Rational coefficients of the prime roots of unity (basis set in $\mathbb{Q}$).

Question

It is well known that the set of prime roots of unity $S = \{\zeta, \zeta^2, \zeta^3, ..., \zeta^{p-1}\}$ form a basis in $\mathbb{Q}$ (where $\zeta = e^{\frac {i2\pi}{p}}$, $p \in \mathbb{N}, p $ is prime) i.e., $$X = a_1\zeta + a_2\zeta^2 + ... + a_{p-1}\zeta^{p-1} $$ is unique for $a_i \in \mathbb{Q}$.

I want to ask the following:

Given $X \in \mathbb{Q}[\zeta]$, is it possible to find the $a_i$ $(\in \mathbb{Q})$, such that $$X = a_1\zeta + a_2\zeta^2 + ... + a_{p-1}\zeta^{p-1} $$

Answer 1

As the comments explain, there is no "exact" way to do this. However, using the LLL algorithm, one can certainly "guess" what the answer may be, and then (in your particular context) check the answer. Here is a short pari program which, for a given prime $N$, first chooses a "random" vector $[a_i]$ of length $N-1$ with integer entries between $1$ and $1000$, and then $X$ is the sum $\sum_{i=1}^{N-1} a_i \zeta^i$. Then it looks for a linear relationship with small coefficients between the powers $X$ from $0$ to $N-1$.
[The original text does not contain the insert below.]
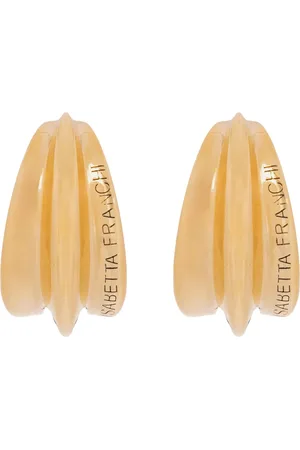 Elisabetta Franchi Accessoires, Dames, Geel, ONE Size, Blad Metaal Oorbellen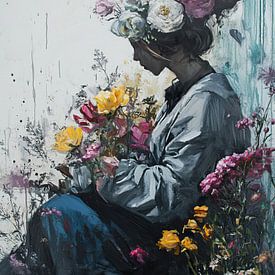Tableau de fleurs | Femme dans un jardin de fleurs sur La collection ARTEO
To "check" the answer, it checks whether the number field defined by this polynomial embeds into the appropriate cyclotomic field. It then lists the random vector it started with and the "guesses" produced by the program (since it doesn't differentiate between the conjugates of $X$ it will give the conjugates as well). It is written in pari/gp (apologies for the hackiness)

\p  1000;
N=5;
z=exp(2*Pi*I/N);
R=vector(N-1,k,random(1000));
X=sum(k=1,N-1,R[k]*z^k);
V=vector(N,k,X^(k-1));
L=lindep(V);
nf=nfinit(sum(k=0,N-1,L[k+1]*t^k));
nfc=nfinit(polcyclo(N,t));
Y=nfisincl(nf,nfc);
Z=t*lift(Mod(Y/t,polcyclo(N,t)));
R
Z

a random example output:

%11 = [726, 983, 378, 318]
? Z
%12 = [983*t^4 + 318*t^3 + 726*t^2 + 378*t, 318*t^4 + 378*t^3 + 983*t^2 + 726*t, 726*t^4 + 983*t^3 + 378*t^2 + 318*t, 378*t^4 + 726*t^3 + 318*t^2 + 983*t]
?